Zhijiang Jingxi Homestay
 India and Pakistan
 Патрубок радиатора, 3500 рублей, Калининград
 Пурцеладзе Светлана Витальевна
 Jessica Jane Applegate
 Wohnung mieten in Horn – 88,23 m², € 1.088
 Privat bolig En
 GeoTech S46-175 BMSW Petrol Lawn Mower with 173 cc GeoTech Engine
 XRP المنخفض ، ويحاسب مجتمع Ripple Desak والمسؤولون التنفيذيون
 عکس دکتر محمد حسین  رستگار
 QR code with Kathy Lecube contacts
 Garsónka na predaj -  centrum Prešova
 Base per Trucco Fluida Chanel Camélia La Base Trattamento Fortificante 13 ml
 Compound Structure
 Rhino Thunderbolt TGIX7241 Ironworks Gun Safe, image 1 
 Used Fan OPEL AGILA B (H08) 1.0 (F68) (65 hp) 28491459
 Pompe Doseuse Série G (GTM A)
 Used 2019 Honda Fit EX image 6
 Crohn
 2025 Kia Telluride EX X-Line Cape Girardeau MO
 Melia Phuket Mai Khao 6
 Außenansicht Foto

◆ **Directions**
Please transcribe all of the records, keeping every line exactly as it is.

◆ **Your solution**
Zhijiang Jingxi Homestay
 India and Pakistan
 Патрубок радиатора, 3500 рублей, Калининград
 Пурцеладзе Светлана Витальевна
 Jessica Jane Applegate
 Wohnung mieten in Horn – 88,23 m², € 1.088
 Privat bolig En
 GeoTech S46-175 BMSW Petrol Lawn Mower with 173 cc GeoTech Engine
 XRP المنخفض ، ويحاسب مجتمع Ripple Desak والمسؤولون التنفيذيون
 عکس دکتر محمد حسین  رستگار
 QR code with Kathy Lecube contacts
 Garsónka na predaj -  centrum Prešova
 Base per Trucco Fluida Chanel Camélia La Base Trattamento Fortificante 13 ml
 Compound Structure
 Rhino Thunderbolt TGIX7241 Ironworks Gun Safe, image 1 
 Used Fan OPEL AGILA B (H08) 1.0 (F68) (65 hp) 28491459
 Pompe Doseuse Série G (GTM A)
 Used 2019 Honda Fit EX image 6
 Crohn
 2025 Kia Telluride EX X-Line Cape Girardeau MO
 Melia Phuket Mai Khao 6
 Außenansicht Foto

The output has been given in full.